Thursday, April 21, 2011

A Mexican Thanksgiving, in April, in Germany

        After two and a half months of gorging ourselves on stuffed cabbages, homemade schnitzel, dumplings of all shapes and sizes, and every native Wurst in Eastern Germany, we finally returned to the kitchen to cook up the one thing we missed the most from home--Mexican. I had the idea a week or two ago (when I started missing the always-nearby Chipotle, my hometown El Dorados, and the three Springfield El Toro's) and asked our German friend Lisa if she thought a Mexican meal would be a fun idea. She confessed she had never had Mexican, and always up for a new experience, she immediately jumped on to the idea and we set a date for the feast. It took three German "supermarkets" (nothing here is even mildly reminiscent of a Kroger's) before we could locate all of the correct ingredients. Luckily Lisa stuck with me as I was trying to find translations for words like "cilantro" and "refried beans," and never wavered when I insisted we needed at least 6 jars of salsa (food quantities are also quite subjective here, nothing comes bigger than a quart generally, especially the "exotic" foods like salsa).
        So with ingredients in tow and the kitchen reserved, we set to work Wednesday afternoon, taking turns at the stove and using every available flat surface on the first floor for various stations: guacamole making, vegetable dicing, salsa doctoring (German bottled salsa is much like ketchup and needed a little help), and meat preparation.

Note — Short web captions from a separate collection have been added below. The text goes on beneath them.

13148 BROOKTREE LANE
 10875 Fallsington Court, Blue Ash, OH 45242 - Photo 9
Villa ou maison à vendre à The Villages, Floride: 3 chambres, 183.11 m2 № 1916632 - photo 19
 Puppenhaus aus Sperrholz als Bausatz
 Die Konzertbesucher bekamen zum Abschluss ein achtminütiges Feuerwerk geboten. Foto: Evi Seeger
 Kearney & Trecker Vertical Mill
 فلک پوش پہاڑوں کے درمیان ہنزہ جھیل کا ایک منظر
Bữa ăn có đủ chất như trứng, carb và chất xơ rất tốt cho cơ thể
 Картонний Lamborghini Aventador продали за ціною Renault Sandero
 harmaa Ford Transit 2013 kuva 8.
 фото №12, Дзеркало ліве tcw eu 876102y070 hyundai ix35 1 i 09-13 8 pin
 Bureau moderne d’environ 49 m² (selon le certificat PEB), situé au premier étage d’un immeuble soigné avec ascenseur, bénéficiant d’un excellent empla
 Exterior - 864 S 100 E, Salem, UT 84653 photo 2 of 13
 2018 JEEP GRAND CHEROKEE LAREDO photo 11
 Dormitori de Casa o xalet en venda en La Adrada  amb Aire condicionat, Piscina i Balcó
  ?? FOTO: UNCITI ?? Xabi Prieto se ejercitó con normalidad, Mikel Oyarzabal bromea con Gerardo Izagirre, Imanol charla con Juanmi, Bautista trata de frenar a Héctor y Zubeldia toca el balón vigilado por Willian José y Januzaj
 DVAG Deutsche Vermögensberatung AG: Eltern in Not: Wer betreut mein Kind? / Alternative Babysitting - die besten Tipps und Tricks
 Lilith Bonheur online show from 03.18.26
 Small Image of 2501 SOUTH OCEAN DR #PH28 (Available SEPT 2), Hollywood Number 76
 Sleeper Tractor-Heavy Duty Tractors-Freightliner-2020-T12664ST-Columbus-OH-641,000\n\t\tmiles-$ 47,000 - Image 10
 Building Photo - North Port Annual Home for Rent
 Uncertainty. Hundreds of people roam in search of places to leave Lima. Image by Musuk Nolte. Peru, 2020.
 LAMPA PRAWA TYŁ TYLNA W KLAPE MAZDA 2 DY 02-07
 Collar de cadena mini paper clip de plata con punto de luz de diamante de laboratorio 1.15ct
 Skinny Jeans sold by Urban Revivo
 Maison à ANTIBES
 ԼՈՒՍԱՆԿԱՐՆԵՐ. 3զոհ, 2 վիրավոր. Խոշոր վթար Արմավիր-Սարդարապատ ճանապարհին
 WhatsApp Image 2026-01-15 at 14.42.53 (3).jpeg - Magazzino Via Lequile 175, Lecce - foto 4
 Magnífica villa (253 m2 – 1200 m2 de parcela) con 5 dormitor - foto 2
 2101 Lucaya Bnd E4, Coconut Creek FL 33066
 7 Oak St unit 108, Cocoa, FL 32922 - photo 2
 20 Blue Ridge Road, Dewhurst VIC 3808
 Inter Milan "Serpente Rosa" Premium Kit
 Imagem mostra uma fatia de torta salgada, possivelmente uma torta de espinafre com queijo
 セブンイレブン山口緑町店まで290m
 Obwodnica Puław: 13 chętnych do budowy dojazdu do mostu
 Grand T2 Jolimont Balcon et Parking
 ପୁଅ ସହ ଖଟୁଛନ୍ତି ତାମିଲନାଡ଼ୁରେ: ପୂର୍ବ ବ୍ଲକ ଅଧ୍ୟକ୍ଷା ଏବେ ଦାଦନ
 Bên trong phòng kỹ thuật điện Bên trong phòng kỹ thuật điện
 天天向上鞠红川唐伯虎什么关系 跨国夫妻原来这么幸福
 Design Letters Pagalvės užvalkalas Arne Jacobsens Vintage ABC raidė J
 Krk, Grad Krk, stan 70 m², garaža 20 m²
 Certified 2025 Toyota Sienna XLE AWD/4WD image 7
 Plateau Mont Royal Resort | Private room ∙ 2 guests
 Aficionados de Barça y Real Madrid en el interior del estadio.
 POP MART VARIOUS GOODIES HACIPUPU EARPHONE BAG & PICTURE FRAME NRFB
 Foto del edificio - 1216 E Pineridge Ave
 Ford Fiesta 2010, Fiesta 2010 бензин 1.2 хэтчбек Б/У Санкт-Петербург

We started to worry we wouldn't have enough food, and so Katherine ran out about an hour in to buy 10 chicken breasts, returning in record time to marinate them in lime juice and stuff the skins with tomatoes and peppers (she works magic with chicken). The labor was so incredibly worth it, however, as by 7:00 we had prepared one hell of a feast.

Taylar takes on shredded chicken 

Hannah and Lisa share veggie duty

I forget about Nat's dislike of all tomato-products and assign him to salsa doctoring; when that doesn't work he assists Katherine in chicken-magic and has great success

Tortilla rationing begins


Katherine and chicken-magic

All of the cooks!


Brandon leading the way

We teach Lisa how to fold a burrito!

First bite!


Sitting down to eat, together and happy and thankful.